The test predictions for both methods are output in terms of rates (i.e., counts per population) which is, for all intents and purposes, what I am actually interested in.
However, my understanding is that metrics such as deviance are calculated in terms of raw counts. Is it valid to instead use the rates here?
To illustrate this a bit further, if I had the following observation:




x
exposure
count predicted
count actual




42
2000
100
110




Would evaluation measures be in terms of the error 110 - 100 = 10 ?
Or instead (110/2000) - (100/2000) = 0.005 ?
Furthermore, since these rates are continuous, could mean square error (or total error) be used as a valid performance measure as well?
 A: Your intuition is good!

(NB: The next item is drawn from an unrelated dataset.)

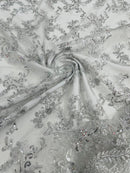 Floral Sequins Lace Fabric - Silver - Embroidery Flower Clusters Design with Shiny Sequins  Fabric Sold By Yard
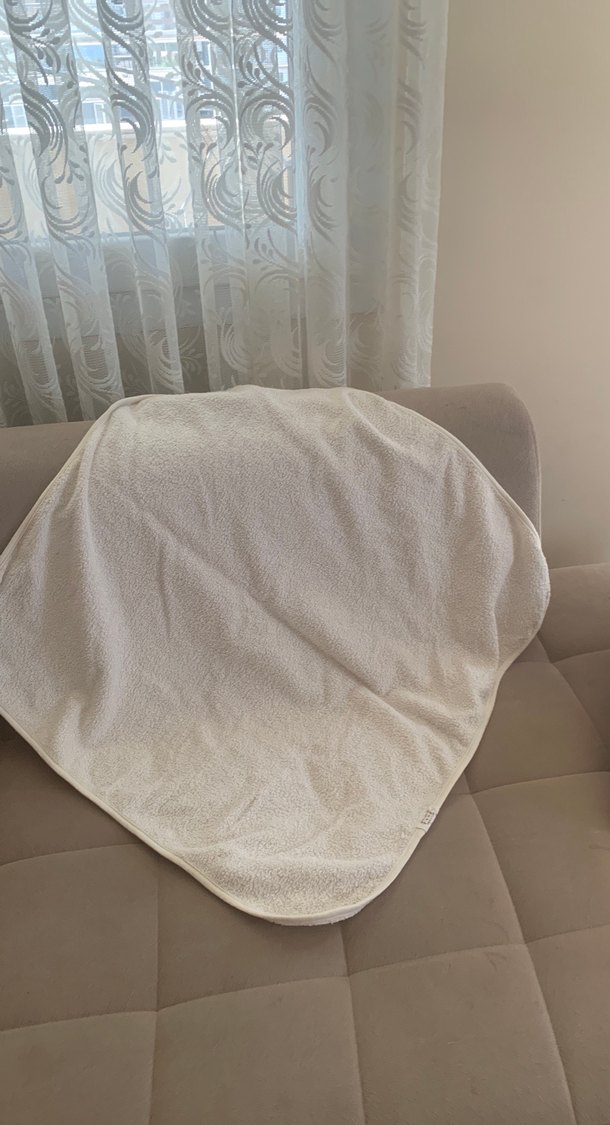 Bebegg Kapüşonlu krem zürafa nakışlı çocuk banyo havlusu 70x70 - Görsel 5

It is valid to use the rates here given that both methods use them as the same response variable. Ultimately a metric value on its own is useless unless it can be compared to some known reference/baseline point.
Yes, you are correct that using (R)MSE is fine. MAE is often reported in count regression as it is more interpretable to some people. Notice though that MAE is not a proper scoring rule (see Predictive Model Assessment for Count Data by Czado et al. (2009) for more details).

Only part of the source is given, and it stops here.